The CSV on the Web (CSVW) is composed by four long specifications covering a wide range of concerns including but not restricted to structural information, discoverability, parsing hints, tranformation hints and contextual annotations.

In this note I'll be assessing CSVW under the assumption that it is a reasonable choice for increasing the reliability of CSV data consumption. If you are in a rush, go straight to the closing thoughts.

# Overview

What does it mean to publish “CSV on the Web”?

  • Publish your CSV file such that it can be retrieved with a text/csv content type.
  • Publish a metadata JSON file that conforms to the metadata vocabulary and tabular data model.
  • Provide a way for users to discover the metadata file from a CSV URL and discover a CSV file from a metadata file.

What does it mean to consume “CSV on the Web”?

  • From a metadata file:
    • Process the metadata file (or fetch it from a URL).
    • Fetch the CSV files identified in the metadata.
  • From a CSV URL (note that starting from a CSV file alone is a dead end):
    • Fetch the CSV file.
    • Process the HTTP headers or fallback to /.well-known/csvw to obtain the URL and extra metadata rules.
    • Fetch the metadata file. This can mean fetching from one to tens or more URLs.
  • Validate the CSV data against the metadata rules.
  • Extract contextual information, transform to RDF, etc.

Bottomline: it is more or less easy to publish a CSVW by hand as long as you know JSON-LD, a pinch of RDF and the CSVW vocabulary. It is unreasonable to expect consuming CSVW without a robust tool.

# Context

CSV is a poor data format with a limited ability to set enough expectations on the structure and values contained within. Many have said that CSV is simple but I am of the opposite opinion: CSV is extremely complex from a user experience point of view; it feels simple at first but eventually it lets you down. Acknowledging this puts us in a good place to understand what CSVW is trying to help with.

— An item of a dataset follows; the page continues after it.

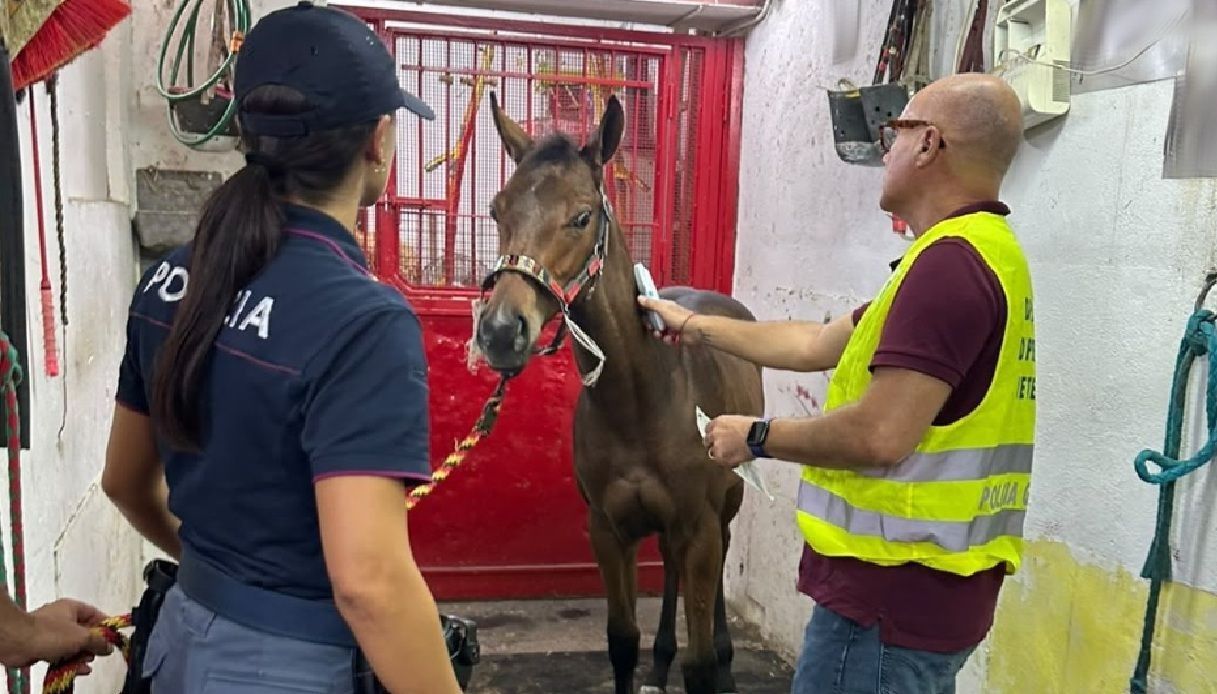 il video della corsa clandestina di cavalli a palagonia puledro di 7 mesi costretto a gareggiare 5 denunce da Virgilio.it il video della corsa clandestina di cavalli a palagonia puledro di 7 mesi costretto a gareggiare 5 denunce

There are other attempts to solve the same problem such as the Frictionless Data Standard Tabular Data Package. Check my Dive into Frictionless Data for my take on it.

# Foundations

CSVW build on top of a few technical specifications, In this section I'll cover the ones I find most relevant for the complexity of CSVW.

IETF RFC 4180 is an attempt to formalise CSV. It aims to improve the expectations on tooling using this format.

The RFC defines a couple of topics:

  • Fields are delimited by a comma character (,).
  • Rows are delimited by a line break sequence (CRLF).
  • Fields enclosed in double-quotes (") allow commas, double-quotes and line breaks per field.
  • Whitespace characters in fields must be preserved.
  • Rows must have the same amount of fields. Empty fields are allowed.
  • The content type (i.e. MIME type) is text/csv.
  • Content should be encoded as US-ASCII or provide a charset attribute to the content type.

All of the above are no more than suggestions that CSVW takes as defaults, mostly. CSVW also provides annotations to inform a parser of other dialects, such as using other field separators.

A noticeable divergence is that the default encoding for CSVW is UTF-8 which makes CSVW have defaults that are incompatible with what both RFC4180 and IANA assume. It is a mild concern given that UTF-8 is a superset of US-ASCII but still, inconsistencies always come back to bite you.

HTTP is, unsurprisingly, the expected vehicle to publish CSVW. It gets more entangled than expected though. For example, resetting the expected encoding or defining the absence of a header row is expected to be done via the Content-Type header.

Related to HTTP, CSVW depends on a handful other specifications to handle discoverability such as IETF RFC 8288, IETF RFC 5785 and IETF RFC 6570.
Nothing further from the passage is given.